* [YOUR TASK]
Retype the whole listing exactly. Leave out pictures.

* [DATA EXTRACTS]
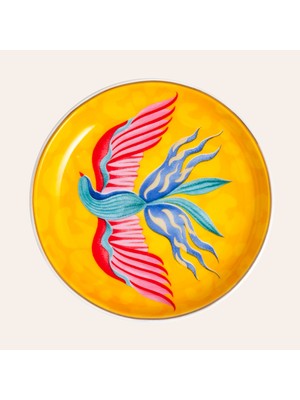 Luohu Porselen Tabak 10 cm Renkli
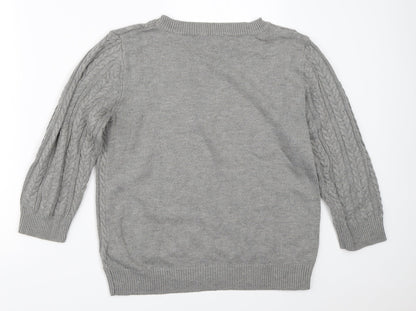 Womens UK Size M H&M Grey Pullover Jumper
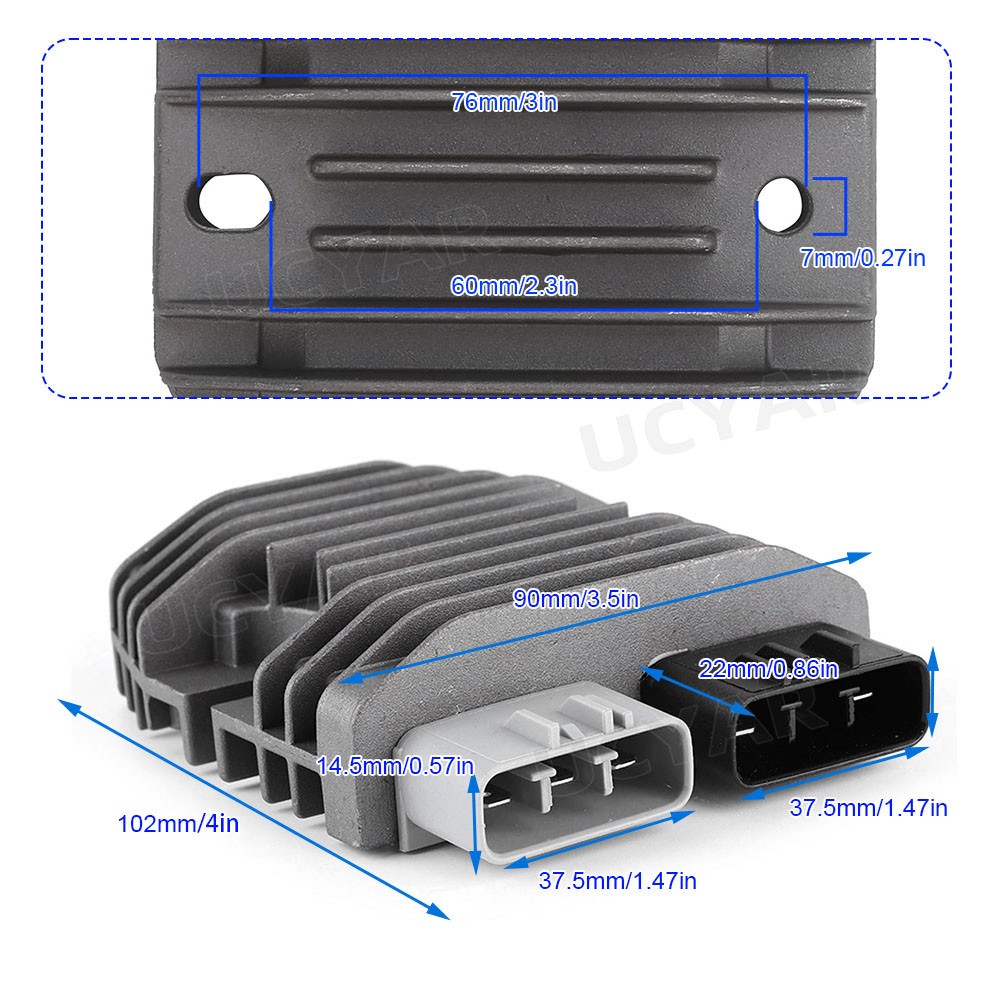 1PCS Voltage Regulator Rectifier For Can Am Commander800 2011 -2014 278002021
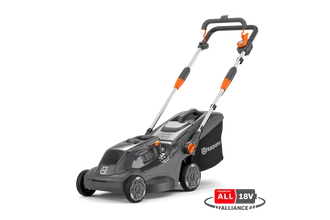 Husqvarna Aspire LC34-P4A akkumulátoros fűnyíró-akkuval és töltővel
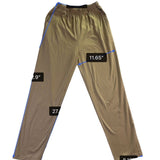 Woman Within Womens Tan Straight-Leg Pants With Elastic Waist & Pockets Size 12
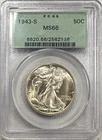 New Listing1943-S Walking Liberty Half Dollar 50C, PCGS MS66 OGH, Gem Uncirculated BU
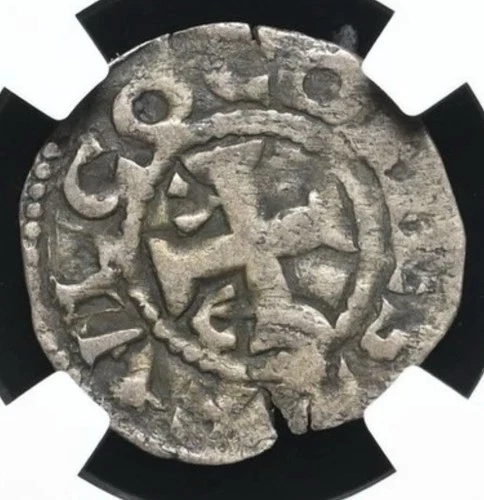 FRANCE Anjou Gien. Geoffrey II-III of Donzy 1120-1180 Silver Denier Coin, NGC VF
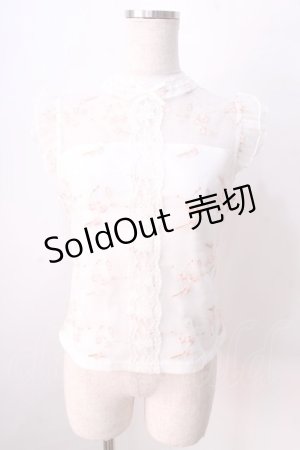 画像: LIZ LISA / 刺繍ノースリーブトップス 0 白 Y-25-08-26-004-LO-TO-SZ-ZY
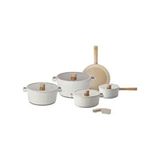 Neoflam Fika Kore Tencere Seti 9 Parça Bej Döküm Kaplama 22CM 24CM 26CM 18CM Ebatlarıyla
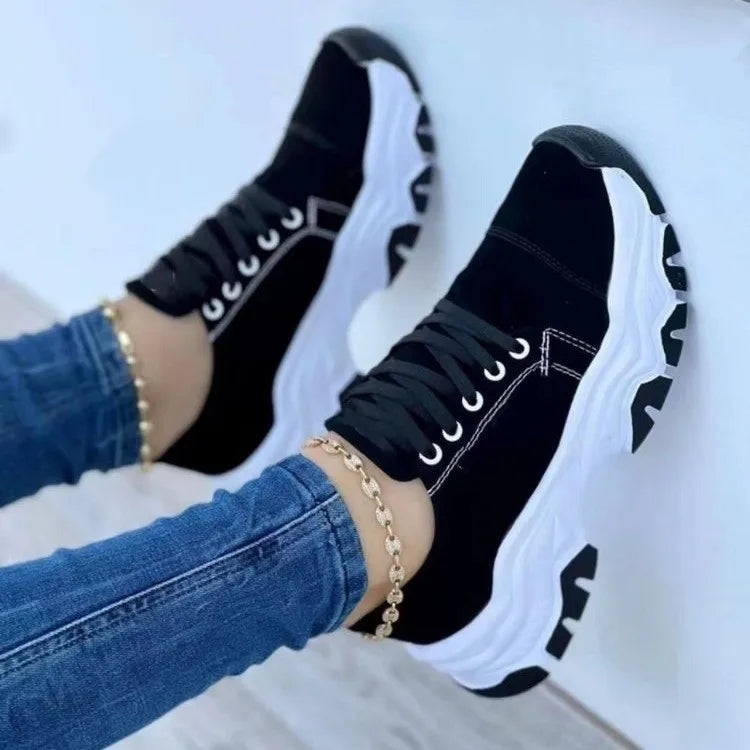 Women Sport Shoes Lace-Up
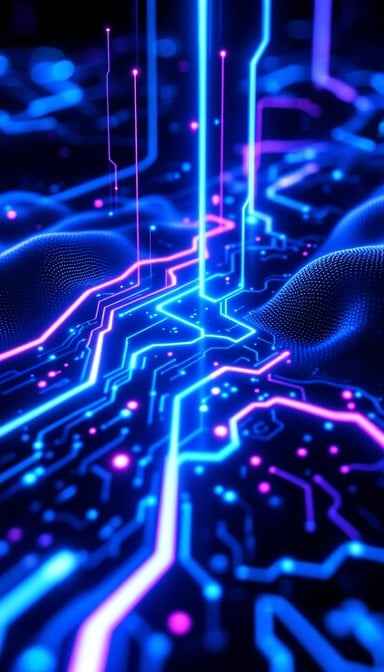 Glowing Circuit Pathways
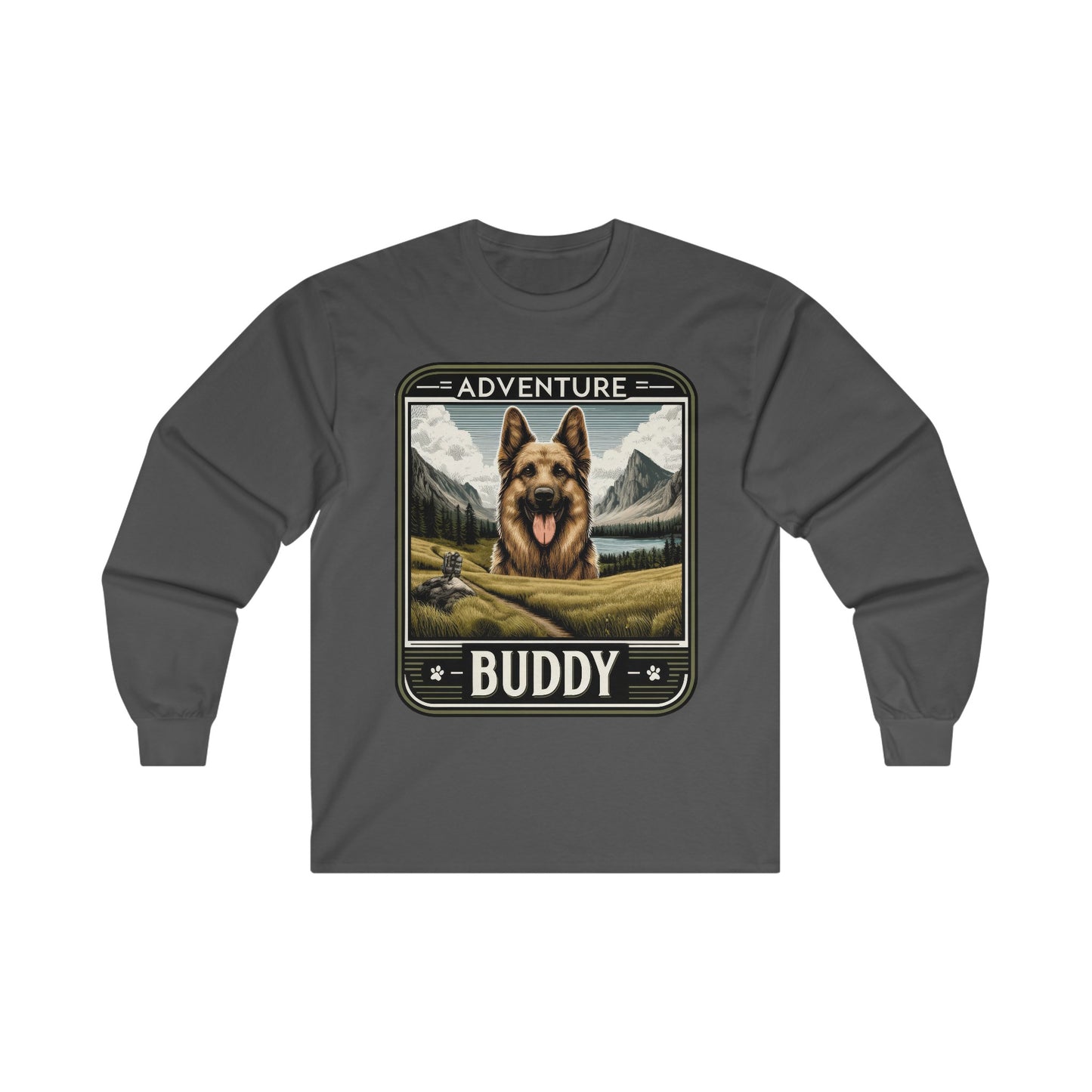 Adventure Buddy  Long Sleeve Shirt (20 colors) (German Shepherd)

* [EXERCISE RESPONSE]
 Luohu Porselen Tabak 10 cm Renkli
 Womens UK Size M H&M Grey Pullover Jumper
 1PCS Voltage Regulator Rectifier For Can Am Commander800 2011 -2014 278002021
 Husqvarna Aspire LC34-P4A akkumulátoros fűnyíró-akkuval és töltővel
 Woman Within Womens Tan Straight-Leg Pants With Elastic Waist & Pockets Size 12
 New Listing1943-S Walking Liberty Half Dollar 50C, PCGS MS66 OGH, Gem Uncirculated BU
 FRANCE Anjou Gien. Geoffrey II-III of Donzy 1120-1180 Silver Denier Coin, NGC VF
 画像: LIZ LISA / 刺繍ノースリーブトップス 0 白 Y-25-08-26-004-LO-TO-SZ-ZY
 Neoflam Fika Kore Tencere Seti 9 Parça Bej Döküm Kaplama 22CM 24CM 26CM 18CM Ebatlarıyla
 Women Sport Shoes Lace-Up
 Glowing Circuit Pathways
 Adventure Buddy  Long Sleeve Shirt (20 colors) (German Shepherd)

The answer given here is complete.